William Sarradet (WS): Your exhibition at the Galveston Arts Center features a fascinating balance between painting and video. How does it feel to show this work in Galveston?

Kris Pierce (KP): Galveston is a really interesting place! There’s a fascinating dynamic between its resident population and its influx of visitors, especially given the high traffic area where the Galveston Arts Center is located. I think that environment creates opportunities for a diverse audience to see and interact with the work.

I’m naturally attracted to visceral, kinetic things. And I think that manifests in the work in unexpected ways, like stolen TikTok videos, Snapchat filters, animated Gifs, arcade components, and video game environments. I think the aesthetic of that world naturally bleeds into the paintings as well. For people that don’t normally engage with art, those types of things may provide a familiar entry point, especially for younger generations. Galveston is the perfect platform for connecting with that audience. Bikers, spring breakers, day drinkers, and vacationing families are all fine folks that may not intersect with art as often. That wider audience, along with your traditional art seeker, is highly appealing to me. 

Kris Pierce, "Ba nanza," 48” X 54” Acrylic, Enamel on Canvas, 2022

Kris Pierce, “Ba nanza,” 2022, acrylic and enamel on canvas, 48 x 54 inches

WS: Your work explores a range of generational themes. How do you sort through the right imagery to express concerns of collective psychological shifts?

KP: I think generally I approach imagery as material. There’s a layer beneath the aesthetic that captures the culture of the moment. To some degree, it’s hard to articulate what may qualify something as capturing the collective zeitgeist. In digital space, hashtags are one way that the collective “we” choose to collate things we deem of importance. It’s a cheat towards separating what is and is not socially valued. The images and language that sustain feel likely to become evocative of their era.
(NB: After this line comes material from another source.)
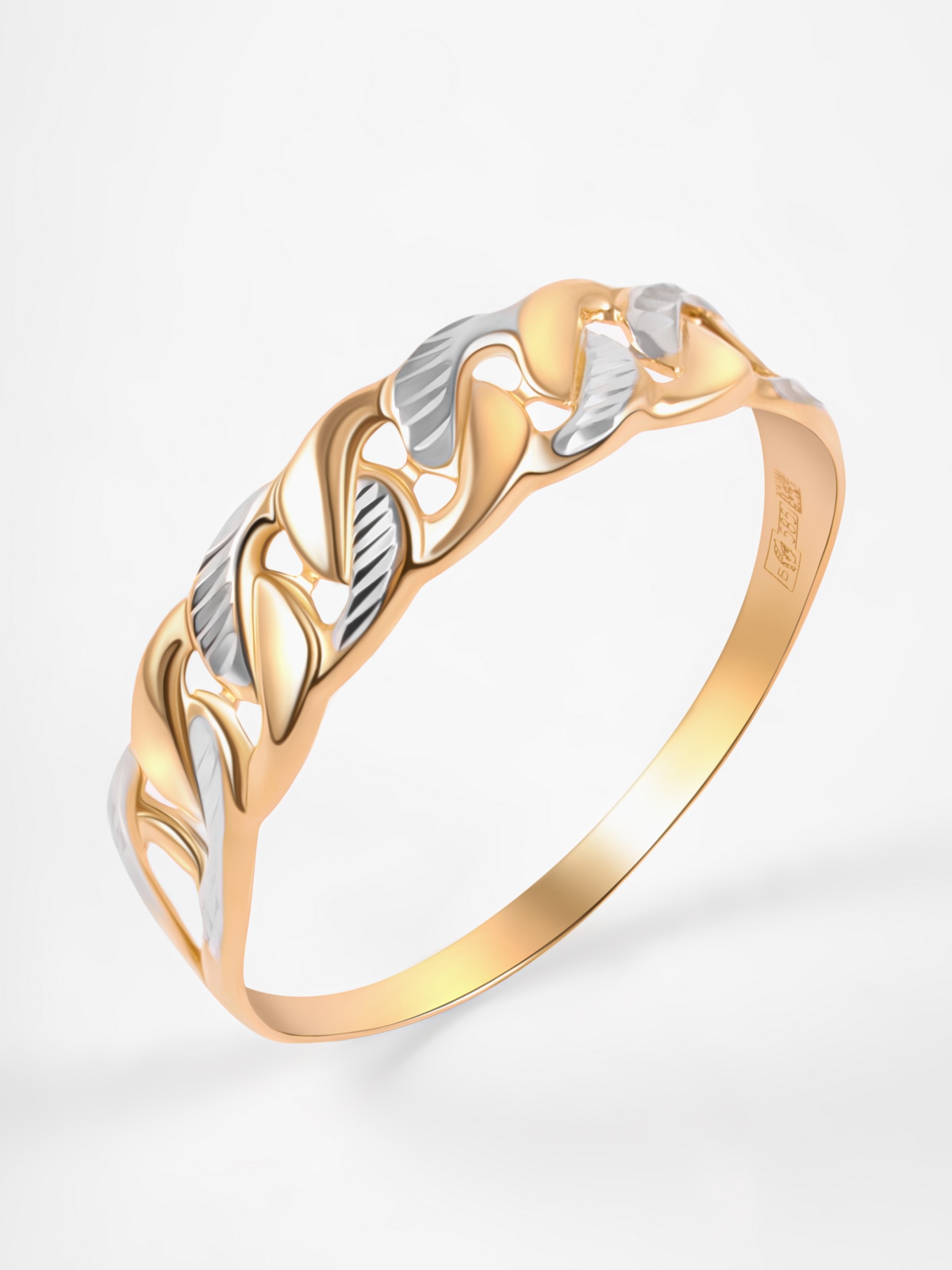 Кольцо золотое женское 585 без камней с алмазной гранью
Generational images of the past rose to the top through less democratic means, but nonetheless their ability to capture the “spirit of 60’s,” or whatever era, provides a point of intersection, similarity, or difference that says something about where we are as a society.
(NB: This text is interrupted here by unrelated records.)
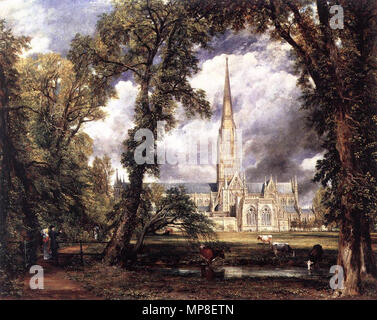 La cathédrale de Salisbury du motif 1823. 731 John Constable - La cathédrale de Salisbury du motif - WGA5201 Banque D'Images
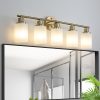 1-7.jpg 31" Modern 5-Light Vanity Wall Sconce, Golden Finish with Frosted Glass Shades for Bathroom or Hallway Lighting (No Bulbs)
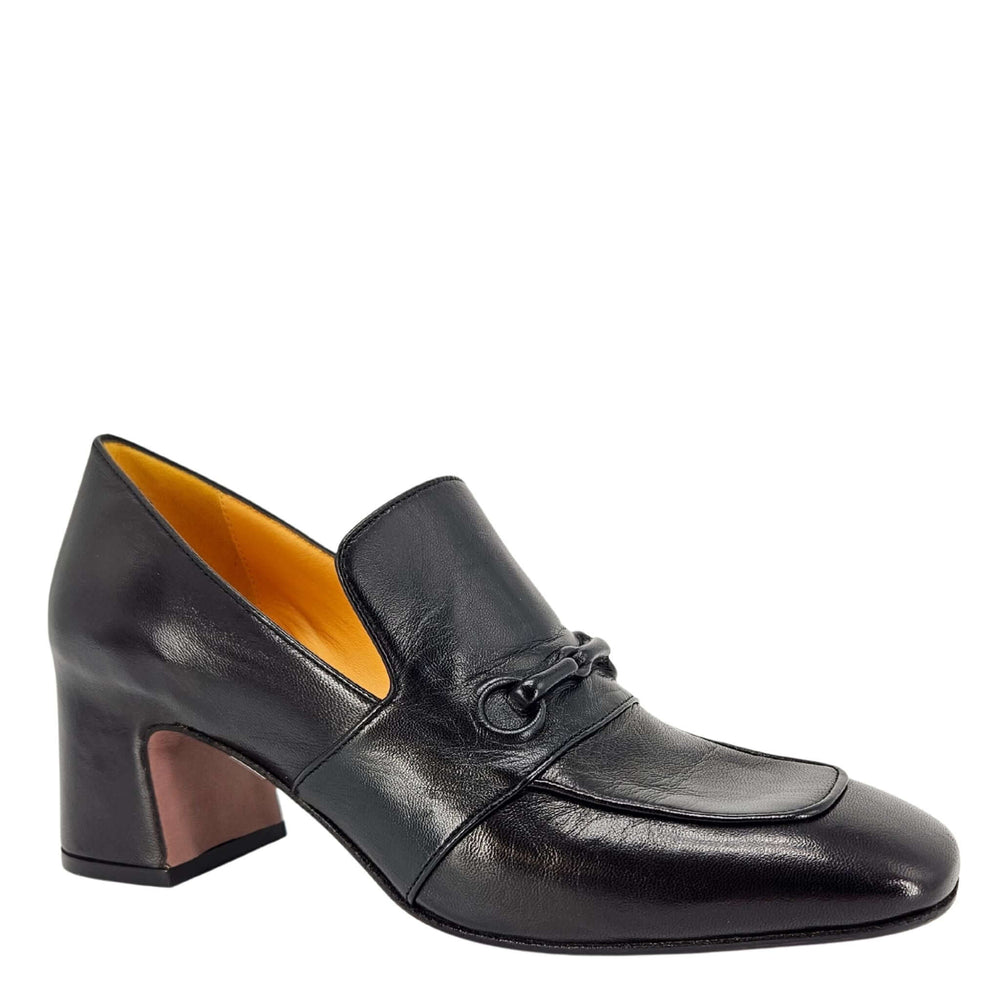 Black leather hidden-bit loafer with mid block heel and decorative bit detail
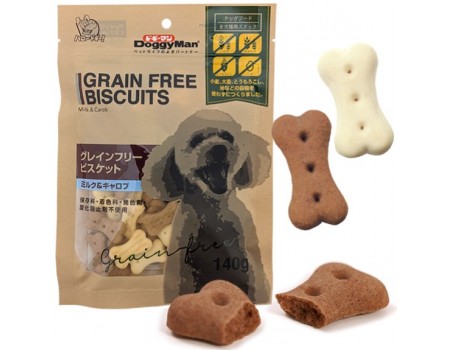 DoggyMan Biscuits Milk&Carob ДОГГИМЕН БИСКВИТ МОЛОКО&КЭРОБ беззерновое печенье, лакомство для собак, 0,14 кг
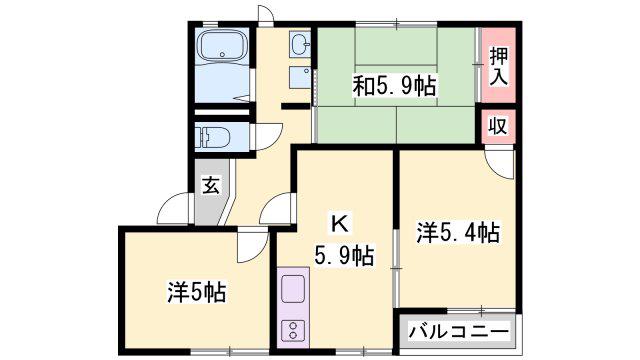 リバーサイドII(3K/1階)の間取り写真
WS: Your exhibition features many paintings, some of which contain digital hardware like LCD monitors. The focal point of the show is a sculpture which displays a video feed as it streams inside of a live virtual world. Tell me about how you describe your virtual environments to viewers.
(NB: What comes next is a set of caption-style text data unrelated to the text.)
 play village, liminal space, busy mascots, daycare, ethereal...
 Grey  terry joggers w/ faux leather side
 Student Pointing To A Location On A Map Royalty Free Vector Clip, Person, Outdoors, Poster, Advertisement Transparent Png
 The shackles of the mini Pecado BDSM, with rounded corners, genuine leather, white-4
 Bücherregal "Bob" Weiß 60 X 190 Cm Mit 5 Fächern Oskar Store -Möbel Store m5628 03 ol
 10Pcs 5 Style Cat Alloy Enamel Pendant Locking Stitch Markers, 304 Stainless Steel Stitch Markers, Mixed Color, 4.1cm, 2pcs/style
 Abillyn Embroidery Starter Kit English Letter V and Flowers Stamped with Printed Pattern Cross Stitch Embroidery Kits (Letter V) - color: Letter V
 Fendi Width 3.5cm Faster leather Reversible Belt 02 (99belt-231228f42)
KP: I think the distinction I would make would be in relation to the term “time-based media,” which is how you would typically define content you view on a screen. In contrast to that, I would describe Vampire Jukebox (the central work in the exhibition) as real-time. Historically, time-based implies things move in a linear fashion, while real-time content is dynamic in nature. Being able to use modern tools (like a game engine) as a platform, allows me to plug into any number of inputs to create a live stream of data, images, and really whatever, to populate and drive the work. 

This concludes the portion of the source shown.